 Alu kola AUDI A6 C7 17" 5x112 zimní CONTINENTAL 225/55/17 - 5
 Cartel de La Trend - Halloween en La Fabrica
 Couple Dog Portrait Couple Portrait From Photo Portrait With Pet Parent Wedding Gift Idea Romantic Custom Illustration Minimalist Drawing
--
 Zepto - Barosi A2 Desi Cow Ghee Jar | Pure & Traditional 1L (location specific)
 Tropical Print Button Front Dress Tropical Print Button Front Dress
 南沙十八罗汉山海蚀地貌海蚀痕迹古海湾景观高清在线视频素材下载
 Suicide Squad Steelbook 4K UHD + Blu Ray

EXERCISE BRIEF - From the records above, repeat exactly the lines from the one with "南沙十八罗汉山海蚀地貌海蚀痕迹古海湾景观高清在线视频素材下载" through the one with "Suicide Squad Steelbook 4K UHD + Blu Ray", both included.

TASK OUTPUT -
 南沙十八罗汉山海蚀地貌海蚀痕迹古海湾景观高清在线视频素材下载
 Suicide Squad Steelbook 4K UHD + Blu Ray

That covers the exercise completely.